Quest Privilege Manager for Unix (QPM) currently only works with Unix derivatives. No Windows allowed.

QPM also uses a different approach than the other three products we tested in that it permits the delegation of root by proxy access to privileged accounts (root or root-equivalents) where all keystrokes are recorded. QPM delivered a keystroke-by-keystroke recording of everything we did as root on the systems we tested, almost like the macro-recorders of years gone by that did much the same thing. This method of protection for root uses a daemon (pmmasterd) that accepts instructions from a user/client, then uses an agent (pmlocald) to execute the requests. It's a gatekeeping mechanism that permits users to perform root or equivalent tasks without being root.

We told QPM which users could perform specific tasks (as an example, to run a line printer job/print request using the lp daemon), when a task could be performed, which machine could make a request, whether another user or administrator's tacit and specific permission would be required to perform a task, and which tasks could be performed (a great way to inhibit savvy users from invoking utilities they shouldn't).

All of these specified jobs made it into audit files -- including information about who did them, the time they were done and the transcript of what was done. However, we found reports generated from these audit files were weak, reminding us of syslog dump text files with one record per line.

Encryption choices include Advanced Encryption Standard (tested), Kerberos, and Data Encryption Standard/Triple DES. Unfortunately, anyone with access to the /etc directory can look inside the /etc/pm.settings file to know which encryption method is employed -- a weakness in our opinion.

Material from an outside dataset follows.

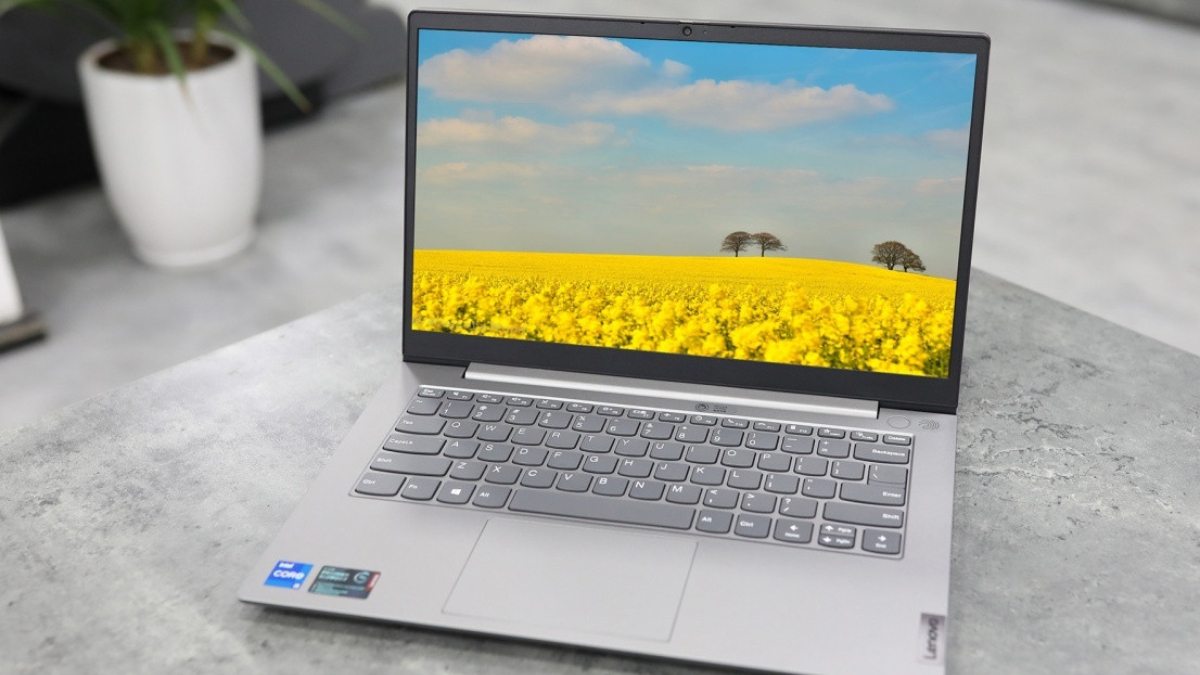 Review laptop Lenovo cũ về màn hình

It's possible to associate an executable with a checksum value that matches a desired privileged accessed request -- not foolproof, but useful to prevent unwitting execution of a Trojan/replacement program (often found in 'rootkitted' installations). We like this unique authentication method, even if checksums aren't very strong file authentication mechanisms.

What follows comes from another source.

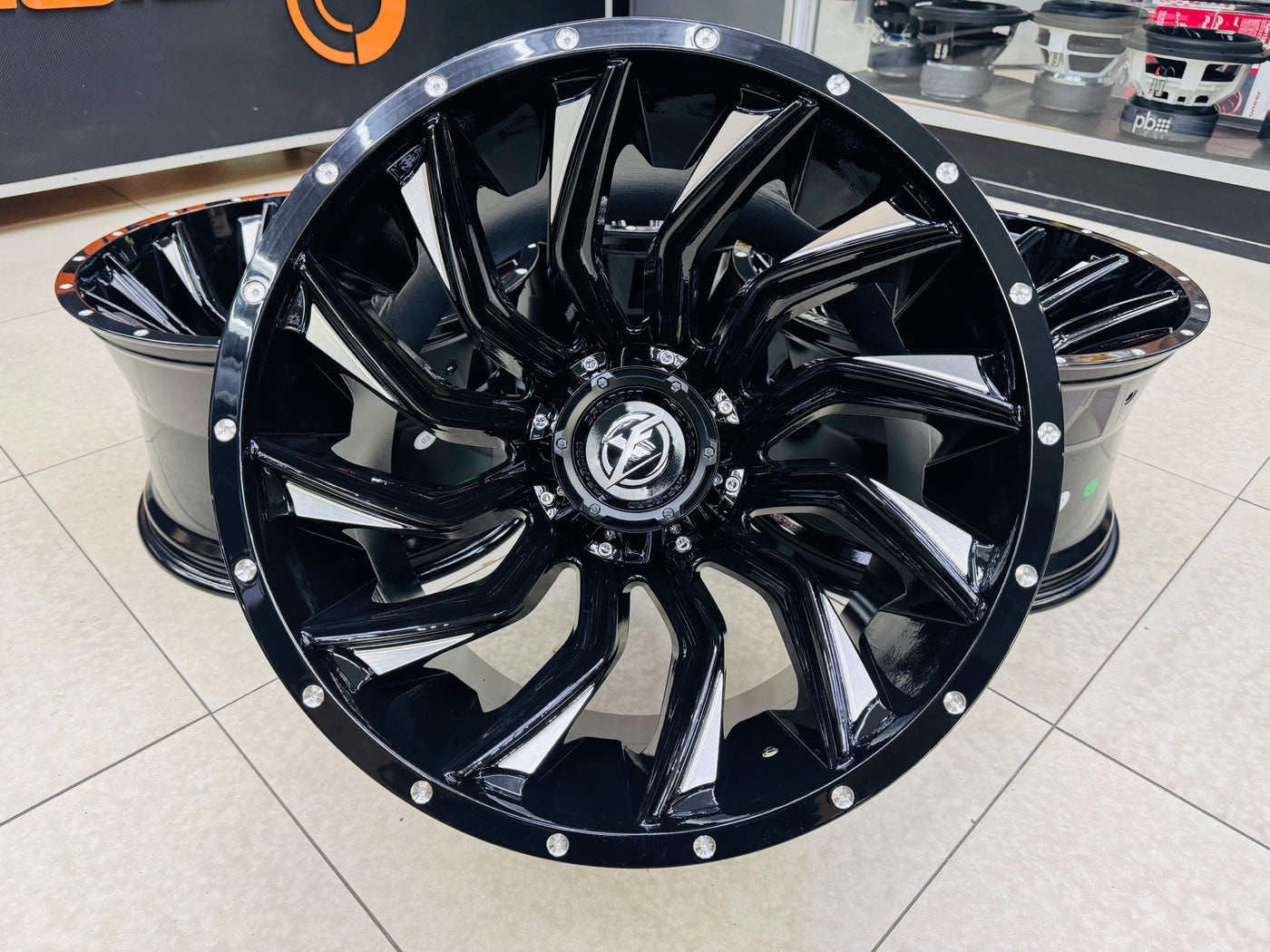 20” PHOENIX 5x127 JEEP RIMS MASSIVE 12JS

Communicating between the master machines and its agented 'slave machines' within the QPM deployment requires that multiple firewall ports be open (6+ are recommended). Multiple master systems are possible and recommended for hosts that have more than 150 possible users with privileged needs -- and multi-master keys need distribution capabilities to all master servers.

QPM also has the ability to authenticate a user against a Pluggable Authentication Module that's setup and working (in our test case that was an RSA SecureID Pluggable Authentication Module) and is accessible by the host where the Master 'lives'. Pluggable Authentication Modules can be LDAP-based, and while we confirmed that capability using Linux-Pluggable Authentication Module running OpenLDAP we could not get the product to work with the RSA SecureID PAM.